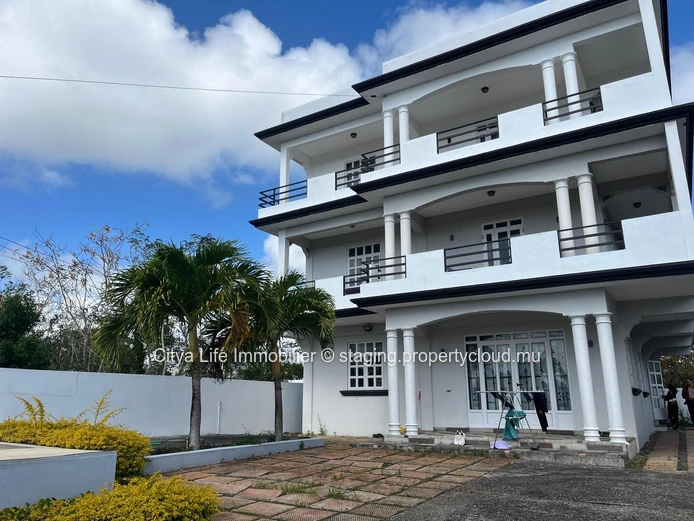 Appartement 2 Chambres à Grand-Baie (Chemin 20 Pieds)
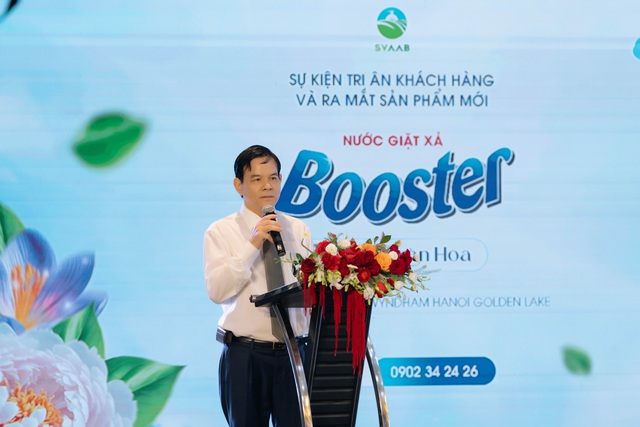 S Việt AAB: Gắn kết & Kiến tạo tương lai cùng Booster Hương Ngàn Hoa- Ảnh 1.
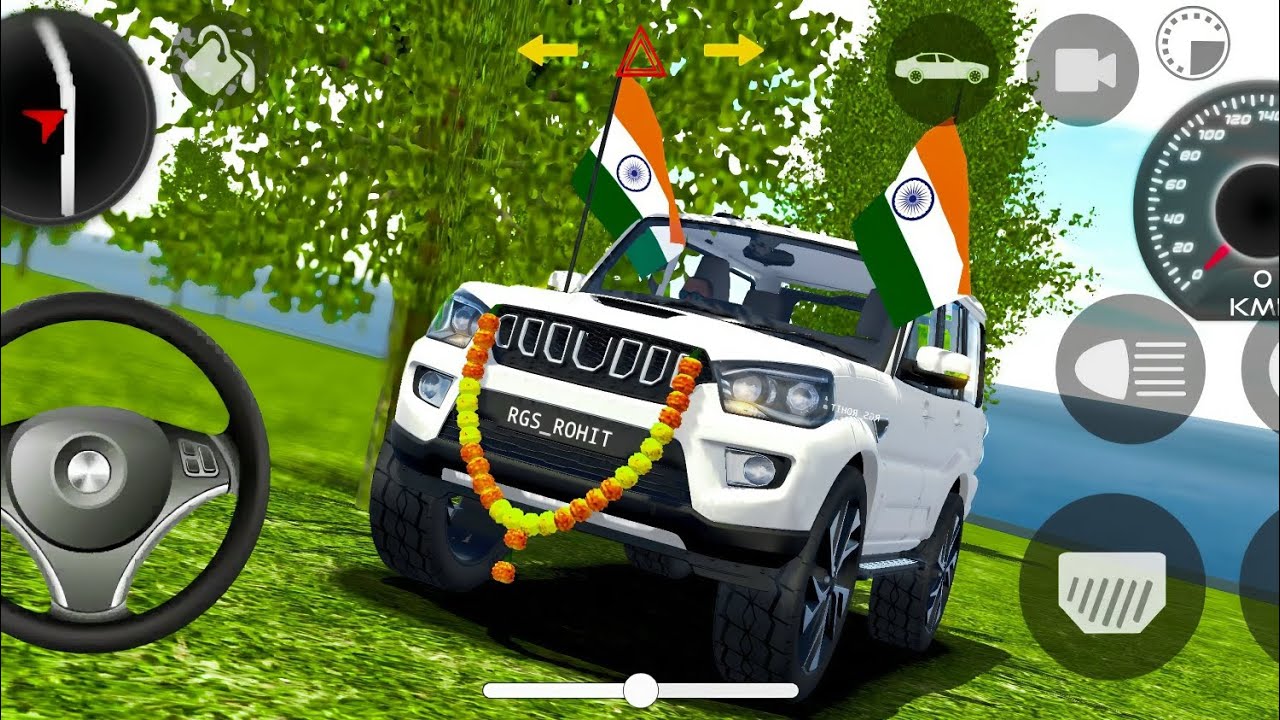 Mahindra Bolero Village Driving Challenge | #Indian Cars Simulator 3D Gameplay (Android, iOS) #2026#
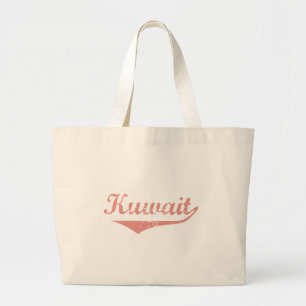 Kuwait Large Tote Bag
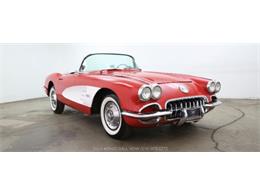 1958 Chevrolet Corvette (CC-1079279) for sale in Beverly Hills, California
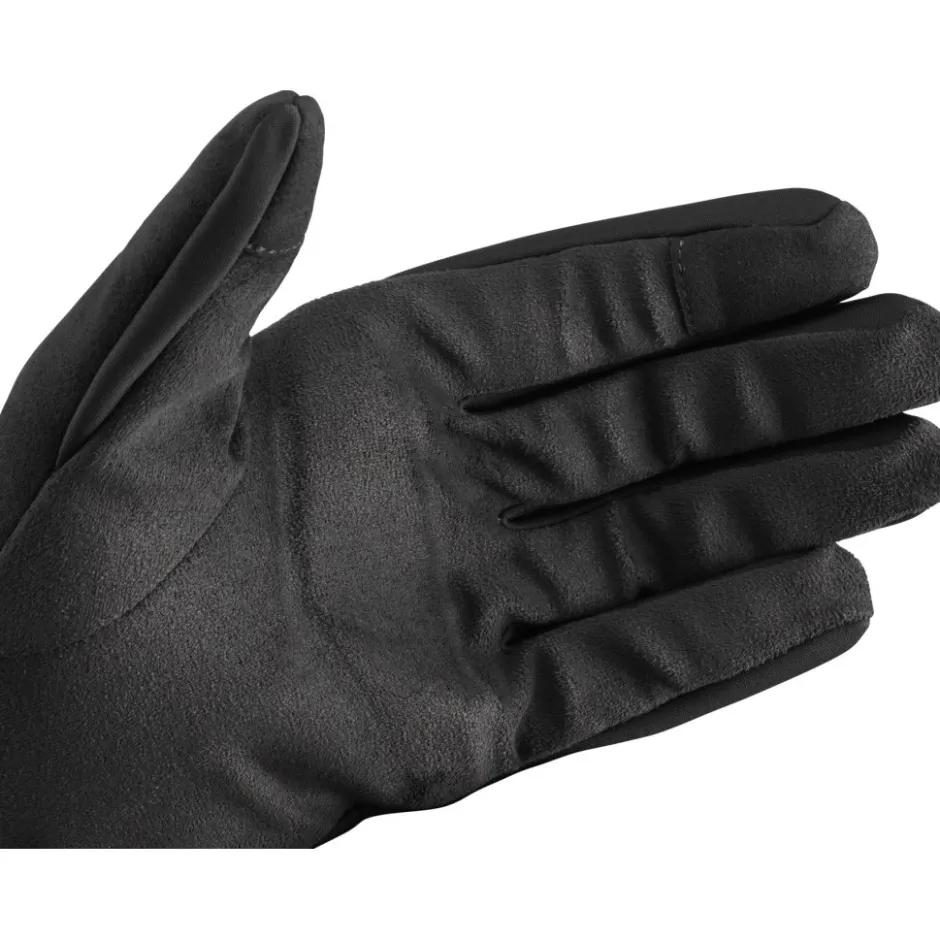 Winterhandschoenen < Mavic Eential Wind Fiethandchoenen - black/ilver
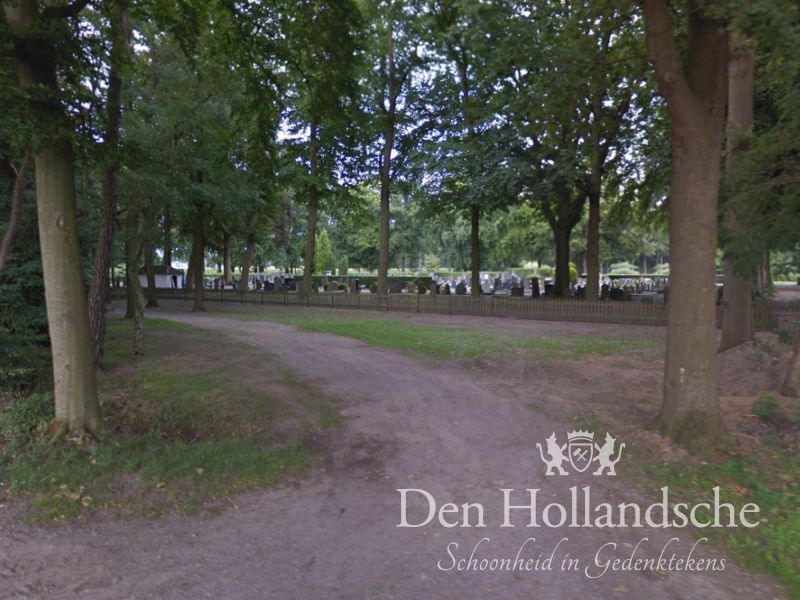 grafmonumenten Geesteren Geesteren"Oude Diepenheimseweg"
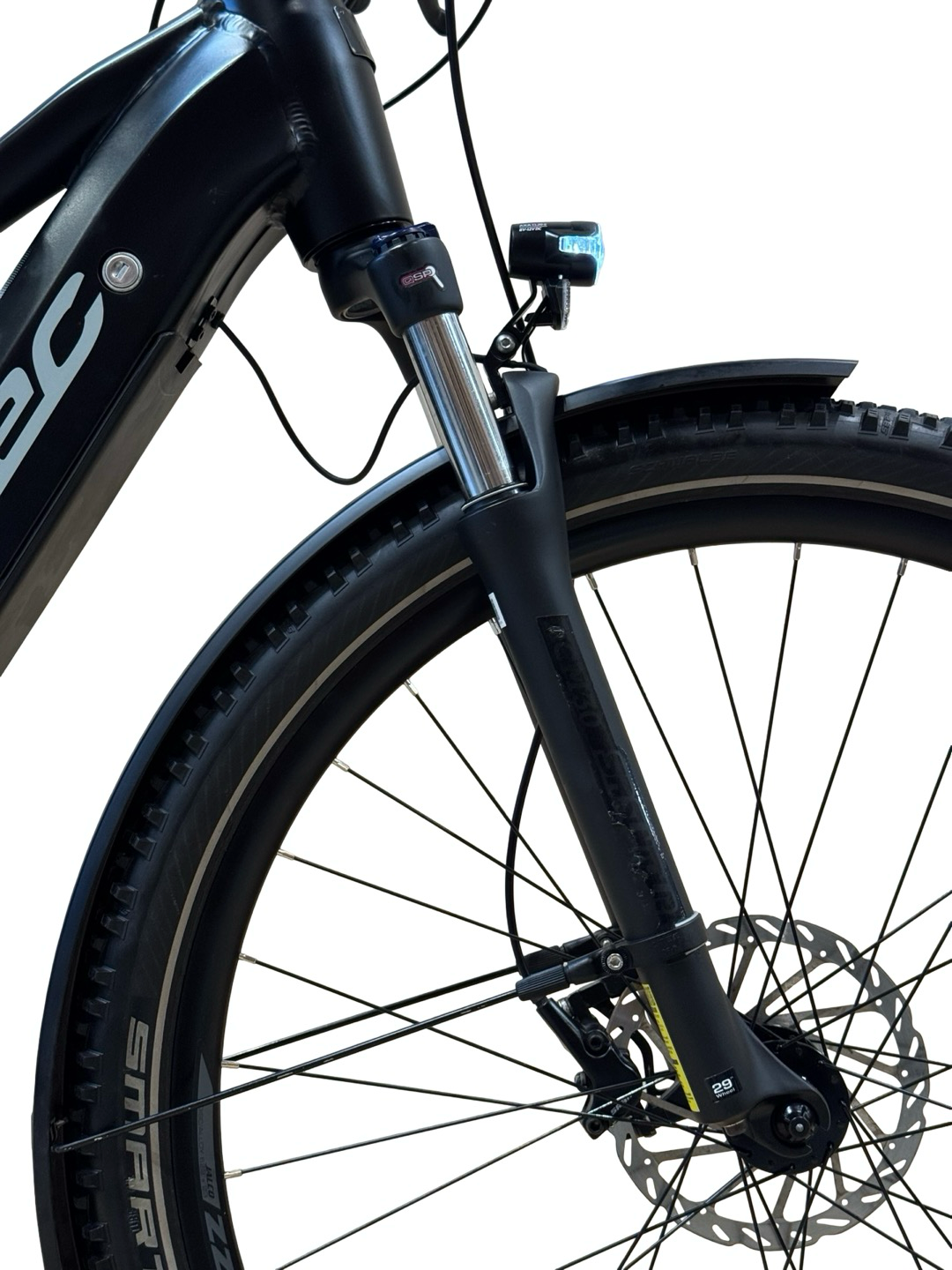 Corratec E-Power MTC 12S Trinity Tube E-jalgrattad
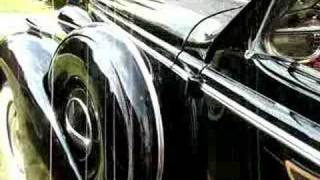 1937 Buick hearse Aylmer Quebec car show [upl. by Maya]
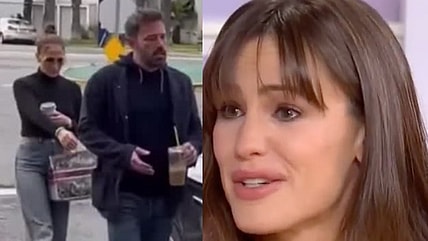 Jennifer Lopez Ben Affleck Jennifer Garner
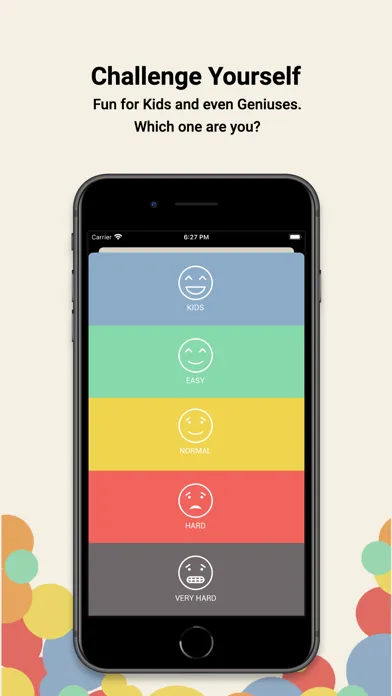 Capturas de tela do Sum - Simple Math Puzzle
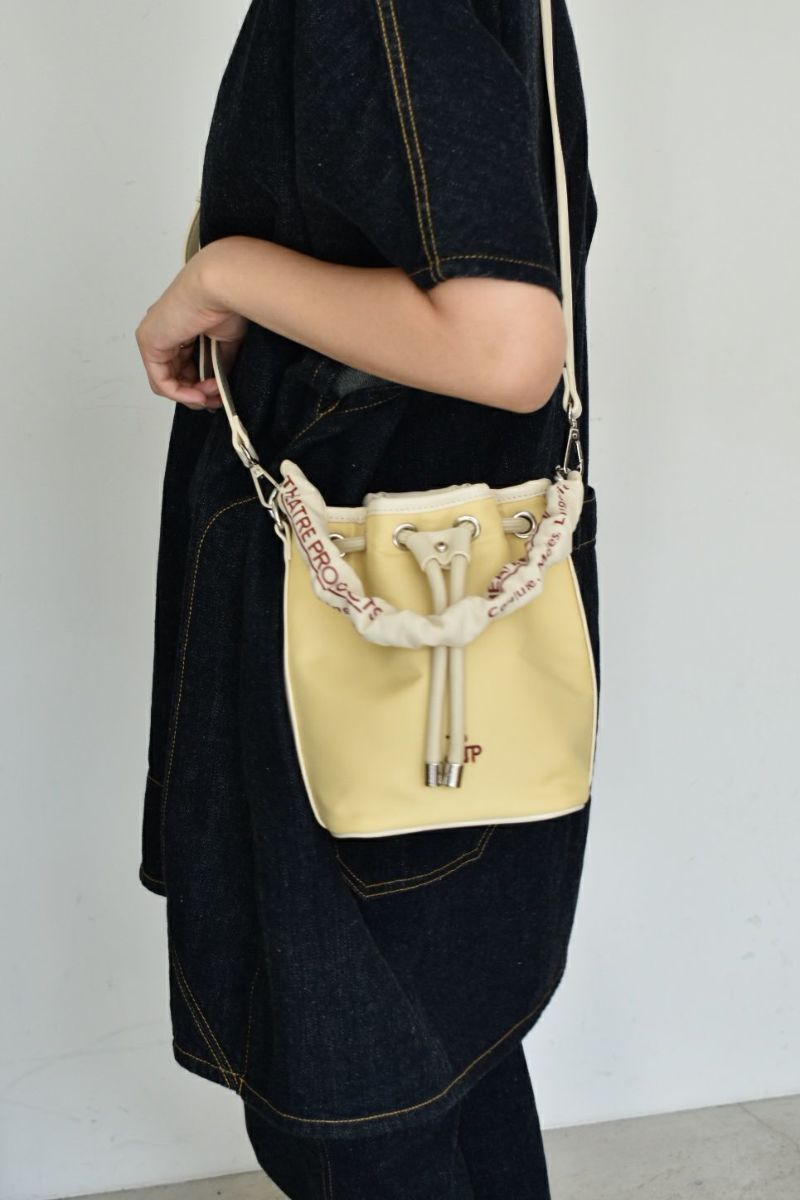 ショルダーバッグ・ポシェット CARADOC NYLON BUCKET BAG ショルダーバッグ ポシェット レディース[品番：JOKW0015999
━━━━
■ **WHAT THE EXERCISE ASKS**: Output only the lines above from the one containing "S Việt AAB: Gắn" to the one containing "Winterhandschoenen < Mavic", both included, exactly as written and with no pictures.

■ **EXERCISE SOLUTION**:
 S Việt AAB: Gắn kết & Kiến tạo tương lai cùng Booster Hương Ngàn Hoa- Ảnh 1.
 Mahindra Bolero Village Driving Challenge | #Indian Cars Simulator 3D Gameplay (Android, iOS) #2026#
 Kuwait Large Tote Bag
 1958 Chevrolet Corvette (CC-1079279) for sale in Beverly Hills, California
 Winterhandschoenen < Mavic Eential Wind Fiethandchoenen - black/ilver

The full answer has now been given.